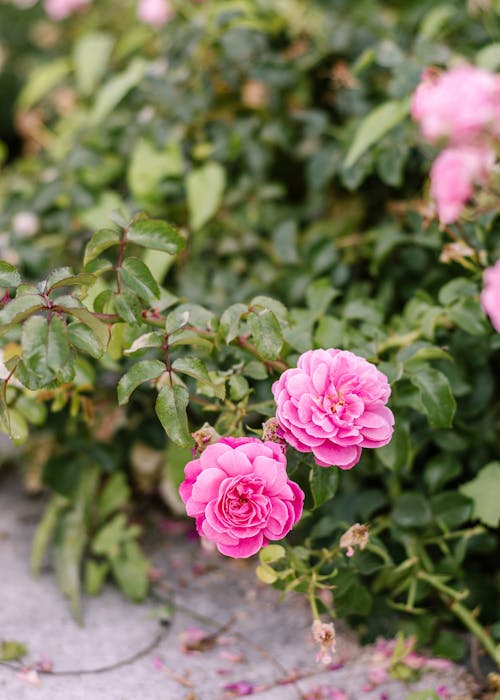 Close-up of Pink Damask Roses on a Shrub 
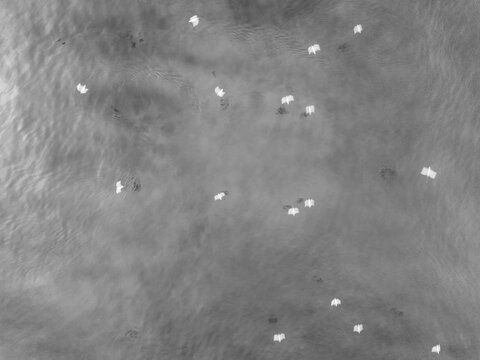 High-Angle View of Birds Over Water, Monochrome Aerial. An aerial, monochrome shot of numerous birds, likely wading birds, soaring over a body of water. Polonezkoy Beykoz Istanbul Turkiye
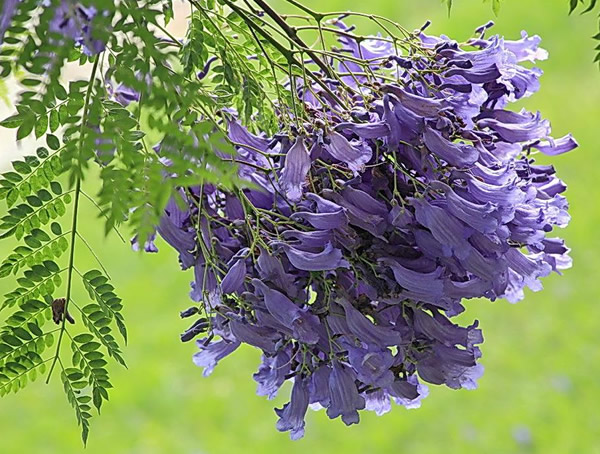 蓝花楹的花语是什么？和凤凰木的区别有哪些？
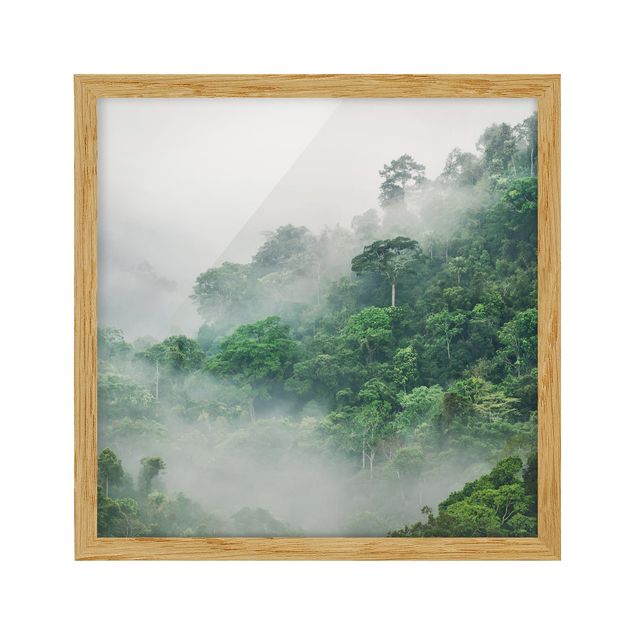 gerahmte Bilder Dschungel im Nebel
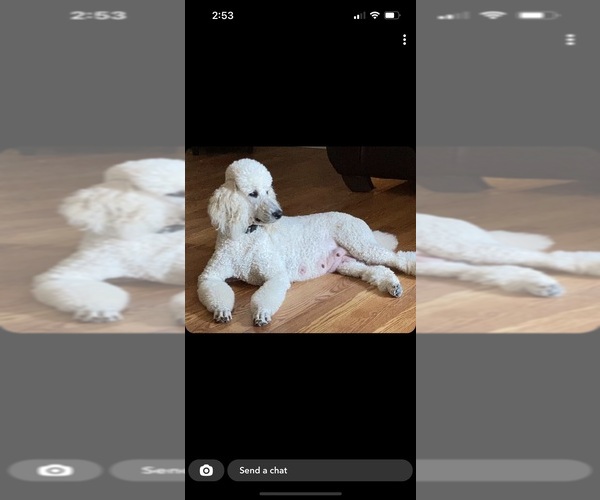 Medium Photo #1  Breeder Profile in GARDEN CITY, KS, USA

· · ·

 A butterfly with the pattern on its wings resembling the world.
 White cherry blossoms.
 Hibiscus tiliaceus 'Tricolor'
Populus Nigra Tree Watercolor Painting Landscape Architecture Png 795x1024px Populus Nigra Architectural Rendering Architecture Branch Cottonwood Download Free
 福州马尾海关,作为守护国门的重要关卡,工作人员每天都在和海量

· · ·

Of all the material above, only the lines from the one that has "Close-up of Pink Damask Roses on a Shrub" down to the one that has "Medium Photo #1" are to be written out, exactly and with both ends included. Pictures are skipped.

 Close-up of Pink Damask Roses on a Shrub 
 High-Angle View of Birds Over Water, Monochrome Aerial. An aerial, monochrome shot of numerous birds, likely wading birds, soaring over a body of water. Polonezkoy Beykoz Istanbul Turkiye
 蓝花楹的花语是什么？和凤凰木的区别有哪些？
 gerahmte Bilder Dschungel im Nebel
 Medium Photo #1  Breeder Profile in GARDEN CITY, KS, USA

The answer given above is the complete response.